Exercise:
In your copy, leave out the pictures; write out all the data exactly.

______________________________

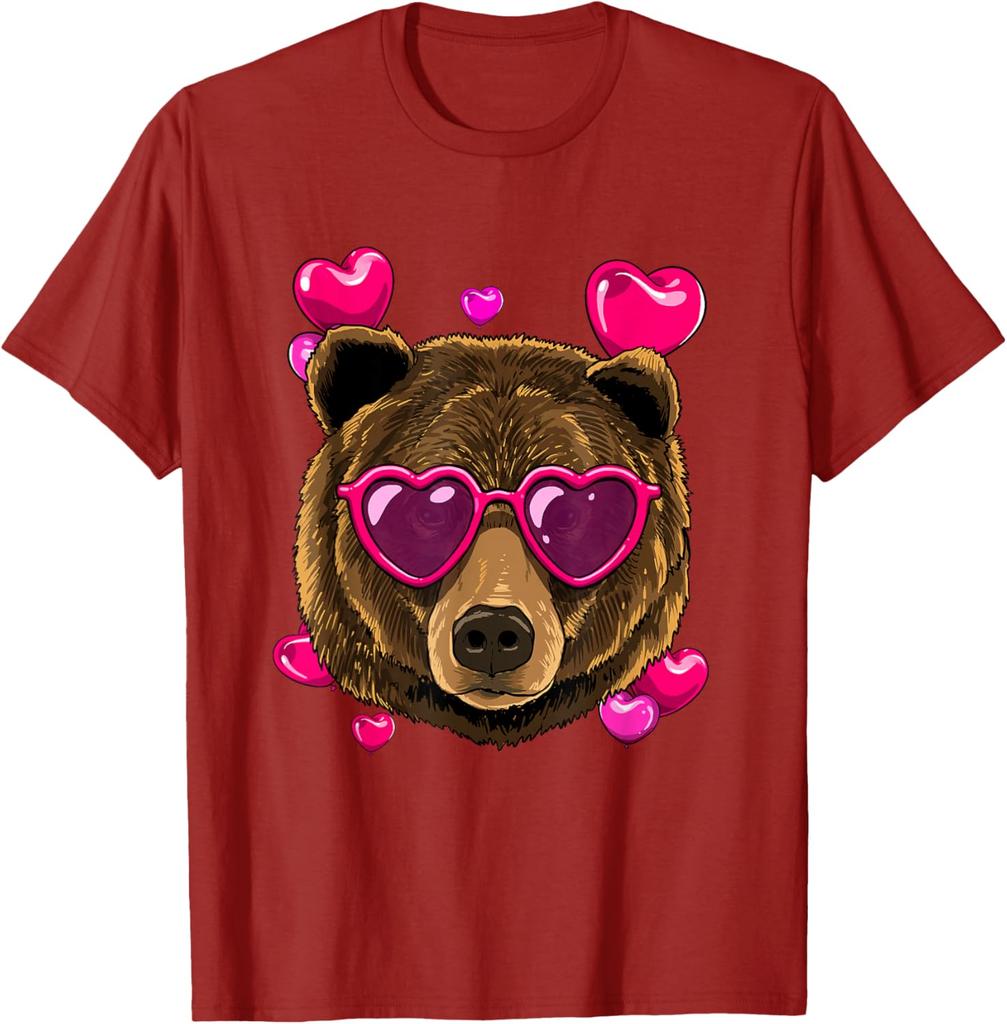 Bear Wearing Heart Sunglasses Valentines Day Graphic T-Shirt Casual Cotton Crewneck Tee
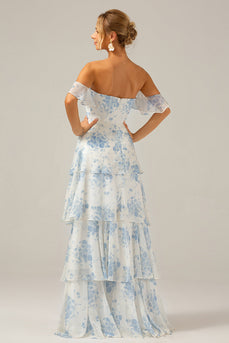 Wit Blauw Floral Boho Chiffon gegolfd lange bruidsmeisje jurk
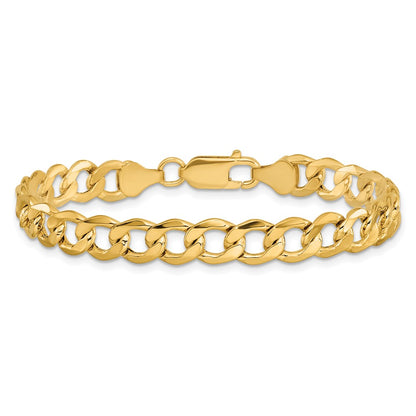 14K Yellow Gold 9 inch 7mm Semi-Solid Curb with Lobster Clasp Chain Bracelet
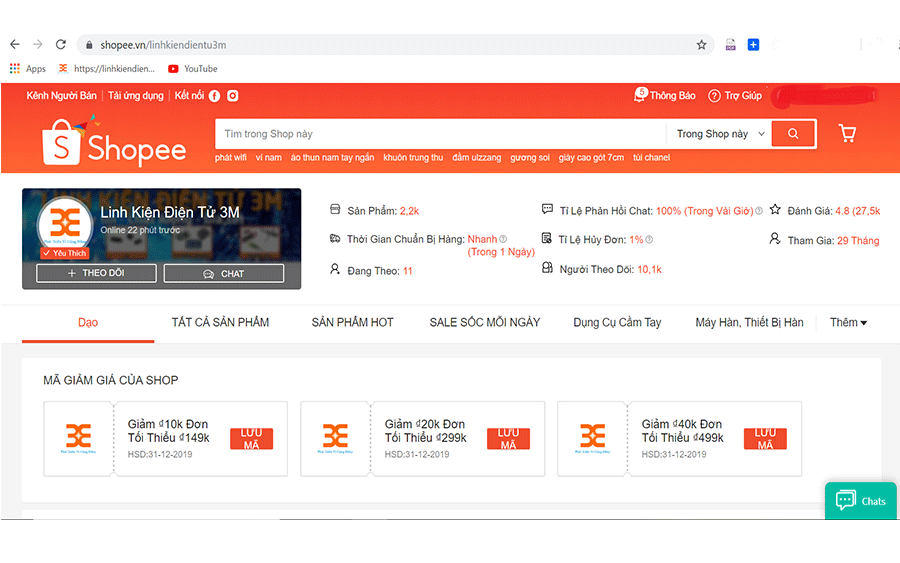shopee linh kien dien tu 3m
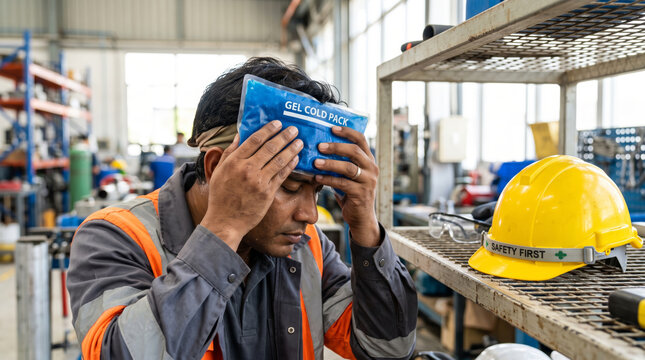 Factory worker holding cold pack on forehead in workshop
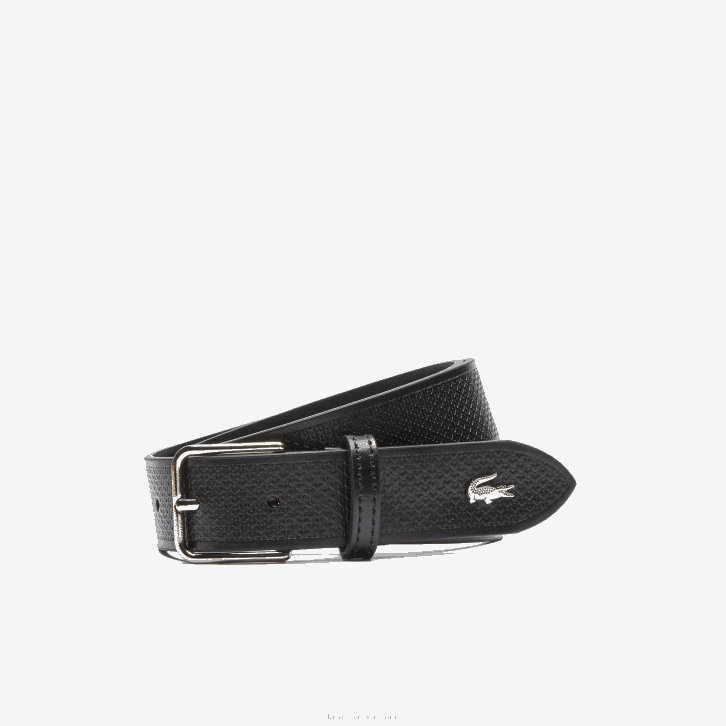 homens Lacoste preto 000 cinto de couro costurado crocodilo de metal 08D02093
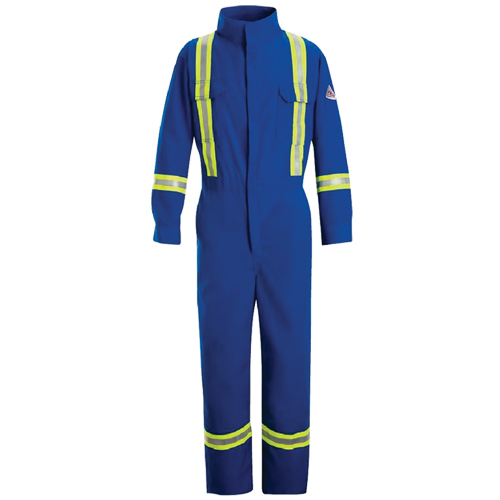 Combinaisons de qualit&eacute; sup&eacute;rieure r&eacute;sistantes aux flammes avec bandes r&eacute;fl&eacute;chissantes, Taille 38, Bleu royal, 5,1 cal/cm² Dufferin Supply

______________________________

Output of the exercise:
 Bear Wearing Heart Sunglasses Valentines Day Graphic T-Shirt Casual Cotton Crewneck Tee
 Wit Blauw Floral Boho Chiffon gegolfd lange bruidsmeisje jurk
 14K Yellow Gold 9 inch 7mm Semi-Solid Curb with Lobster Clasp Chain Bracelet
shopee linh kien dien tu 3m
 Factory worker holding cold pack on forehead in workshop
 homens Lacoste preto 000 cinto de couro costurado crocodilo de metal 08D02093
 Combinaisons de qualit&eacute; sup&eacute;rieure r&eacute;sistantes aux flammes avec bandes r&eacute;fl&eacute;chissantes, Taille 38, Bleu royal, 5,1 cal/cm² Dufferin Supply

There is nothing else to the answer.